Despite a second-round 66, Woods stumbled to a share of 20th at 3-over-par at the U.S. Open. At the PGA Championship, the season's final major, Woods was not a factor and never broke par en route to a 12-over-par 292.
He became the first person since Fred Couples in 1991 to win the Player of the Year Award without winning a major or capturing the money title.
'Everyone is basing my performance on what I did in 2000 and it is very hard to duplicate what I did that year,' said Woods. 'That was a very magical year. But this year, I won five times and two of them were World Golf Championships, so of the biggest tournaments in the world, at least I was able to get a couple of them.'
Also announced on Monday were the Rookie of the Year and Comeback Player of the Year Awards. British Open champion Ben Curtis was honored as the Rookie of the Year, while Peter Jacobsen garnered Comeback Player of the Year honors.
Curtis, playing in his first major at the British Open, was the only player to finish under par for the event.
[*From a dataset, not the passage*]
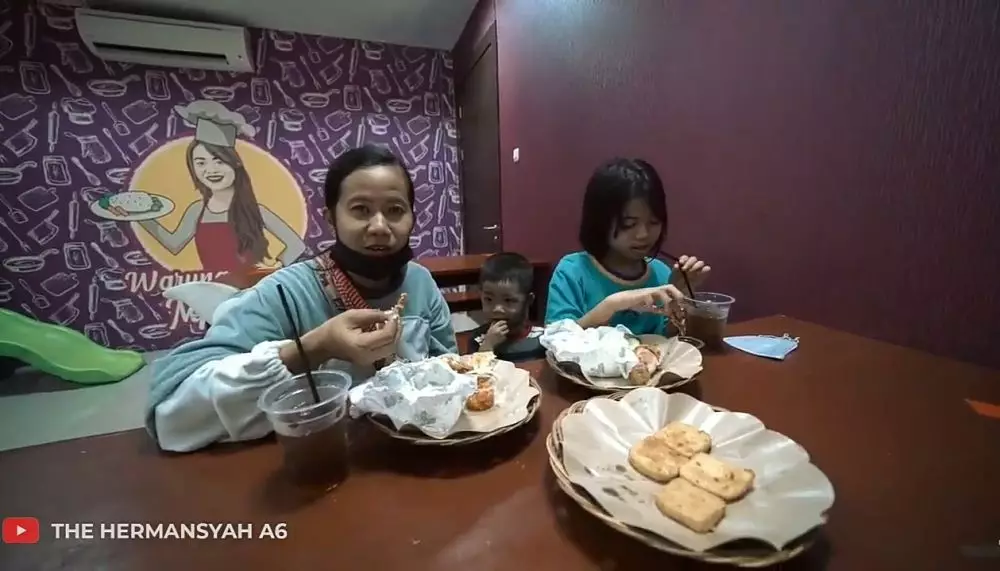 Ashanty turun ke jalanan berbagi rezeki © 2021 brilio.net YouTube Ashanty turun ke jalanan berbagi rezeki © 2021 brilio.net YouTube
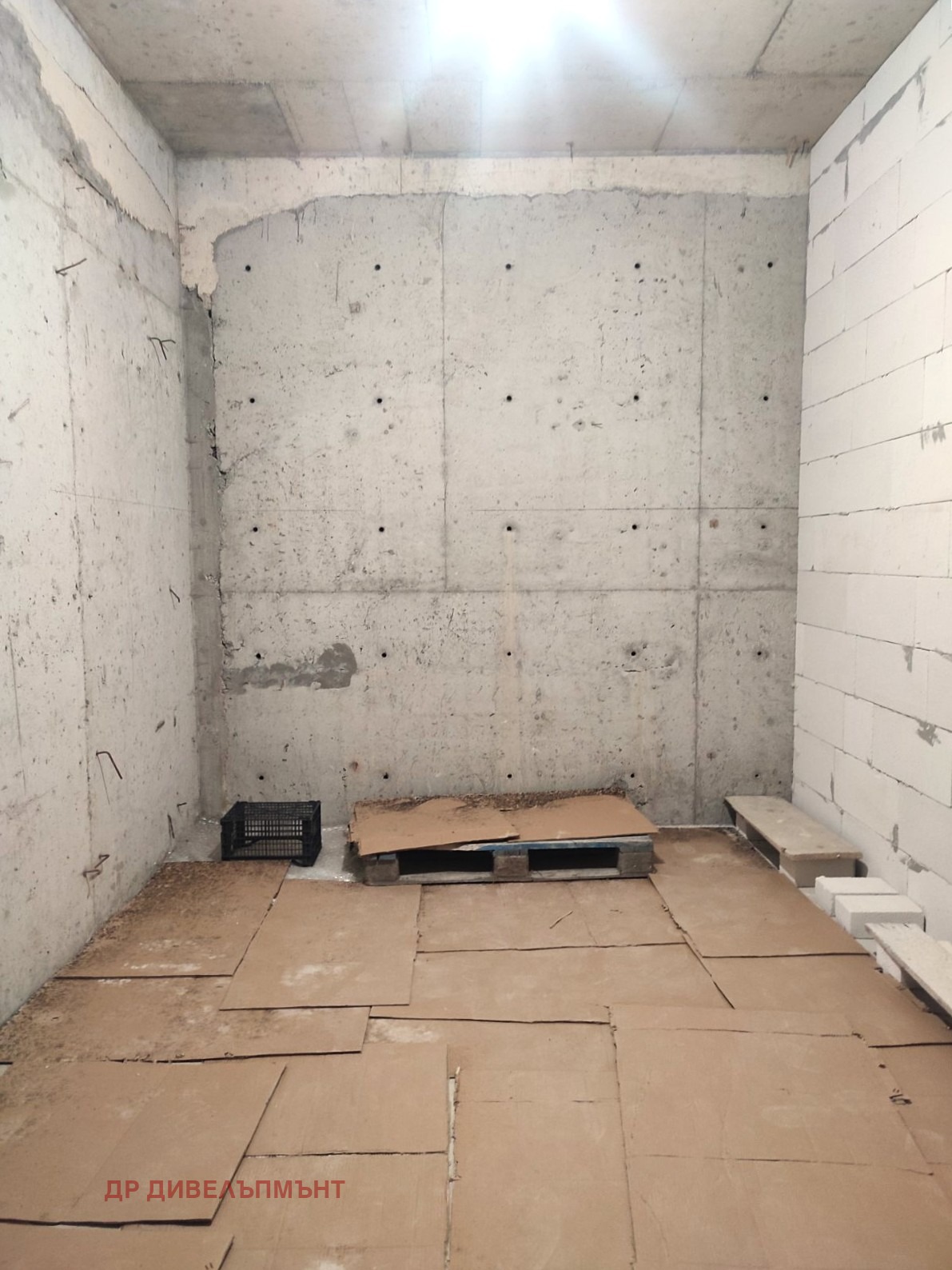 Вътрешност на склад със сив метален вход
The victory vaulted him 361 spots in the Official World Golf Rankings, the single greatest jump since the rankings began in 1986. He ended the season 46th on the PGA money list with $1,434,911.
Jacobsen picked up his first win since 1995 when he titled at the Greater Hartford Open. Jacobsen, who becomes eligible for the Champions Tour when he turns 50 on March 4, earned a career-best $1,162,726 this season.